If you're running anything less than a 400MHz system with 256MB of RAM you're probably better off with Windows 2000. The older OS requires less computing power, making things run much more smoothly on an older system.
Finally, if you have Windows 2000 Professional and install the service packs, Internet Explorer 6, Media Player 8, and DirectX 8, you'll have a system very similar to Windows XP without the assorted extra pieces of software that come with it. You'll also avoid the whole "product activation" ordeal, making life just a little bit easier.
Take the plunge
All the above said, if you have at least a 400MHz machine with 256MB of RAM, Windows XP will run faster on your system than will Windows 2000. (Independent benchmark tests indicate that Windows XP delivers 34 percent better performance when installed on a new PC than does Windows 2000. Average application access time is also 21 percent faster.) The new OS is also more configurable, giving you more control over your environment. Windows XP is also fully compatible with Windows NT 4, Windows Workstation, Windows Millennium, and Windows 98, and roughly 90 percent compatible with Windows 2000 applications, avoiding many of the compatibility issues that have plagued users of Windows.
One key difference in the overall look and feel of Windows XP is the redesigned interface. While it may take a while to get used to for die-hard 2000 users, the desktop is less cluttered and the task-orientated menu system will make accessing the programs and applications you most often need much easier. If you absolutely love the classic interface, don't fear; you can revert to it at any time.
Windows XP also offers more bells and whistles, such as built-in CD writer support, Remote Desktop Connection, Internet Connection Firewall, Fast User Switching (useful for when multiple users are sharing one PC), and Windows Movie Maker. And when you consider that the new OS boasts greater support for Windows 95/98 games and utilities, it's hard not to consider making the switch.
And because Windows XP is the latest and greatest OS, more manufacturers (not to mention Microsoft) will develop software for it than for Windows 2000. After all, Windows XP was built in part to replace its older cousin, so why should software houses support something that's obsolete? Manufacturers of existing hardware and software products are also more likely to add Windows XP compatibility now than Windows 2000 compatibility, as the industry focus has shifted to the newer OS.
With the release of Windows XP, Microsoft has also instituted a very thorough testing process that should ensure that third-party device drivers meet high performance criteria. Microsoft maintains a single update site containing copies of all certified driver and application program upgrades. Also, whenever new DLLs are installed, Windows XP will retain the older versions to allow for an easy restore in the event that something goes wrong. Updates can also be automatically downloaded and installed for network users. With Windows XP, users will no longer have to visit multiple vendor sites to download up-to-date drivers.

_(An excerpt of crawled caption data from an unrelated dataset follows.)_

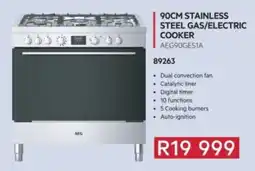 Hirsch's 90CM STAINLESS STEEL GAS/ELECTRIC COOKER AEG90GES1A offer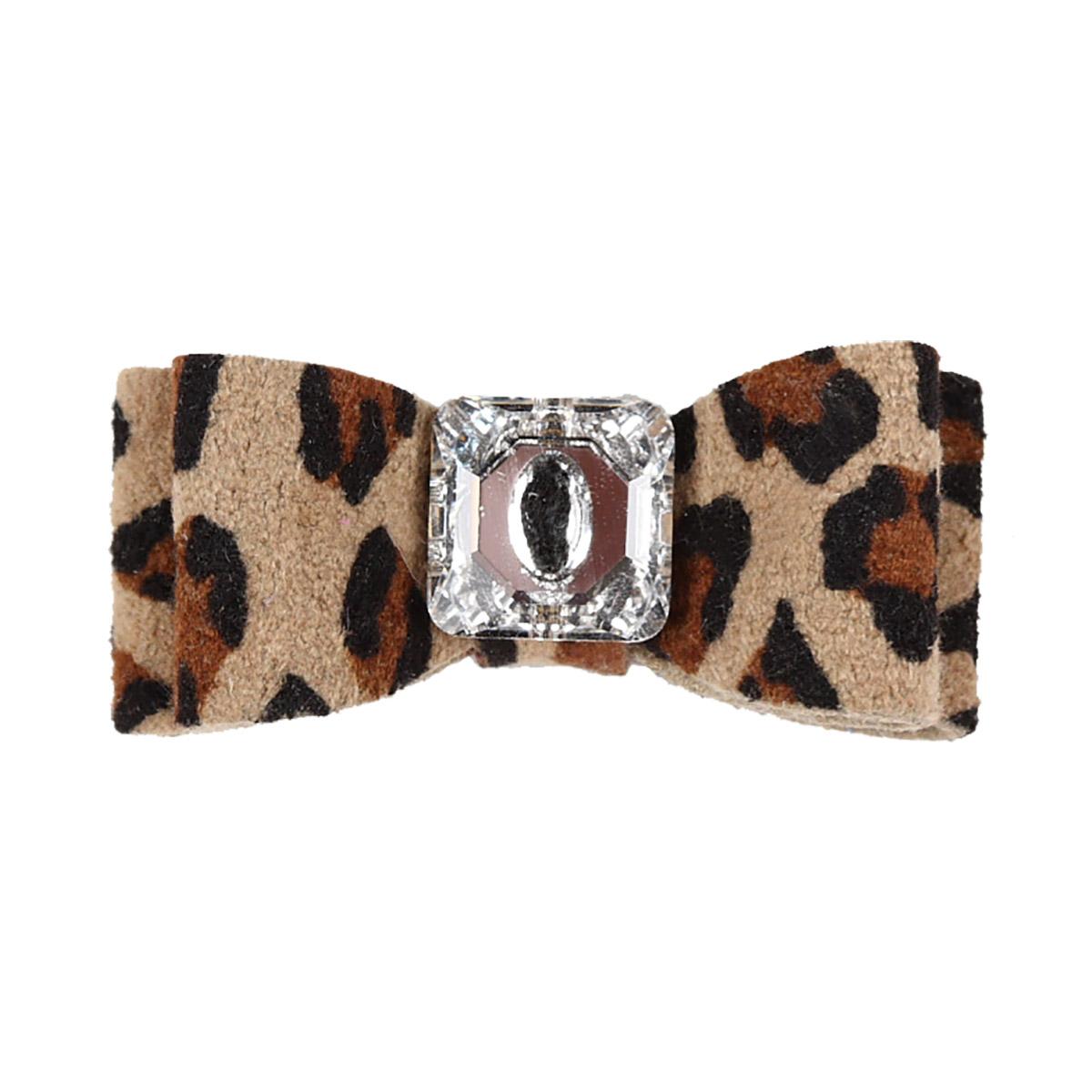 Cheetah Couture Big Bow Dog Hair Bow by Susan Lanci - Brown Cheetah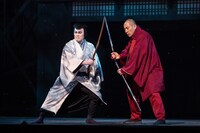 「六本木歌舞伎 第二弾『座頭市』」公開舞台稽古より。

In essence, Windows XP users will get the benefit of building on existing Windows 2000 knowledge while being able to run many applications that ran under Windows 9x/Me, but failed to run properly under Windows 2000.
To switch or not to switch
If you've been using Windows 2000 Professional for a year or two and are happy with it (and don't need it do anything it isn't already capable of doing), then you probably don't need to upgrade to Windows XP Professional. Once you take away all the bells and whistles, there isn't much of a difference between the two operating systems. Save your money and buy some more RAM instead.
If, however, you'd like to add some of the compatibility that Windows 98 had and want to be on the cutting edge of Windows technology, an upgrade to XP is probably the way to go. If you have the available memory to support the new OS and need (or even just want) the new features that XP offers, then go for the upgrade. Installation is fairly easy and straightforward, especially if you've checked out your system ahead of time. Windows XP Professional does improve on its older cousin in a number of key areas, and there are worse ways that you could spend your money than to upgrade your OS.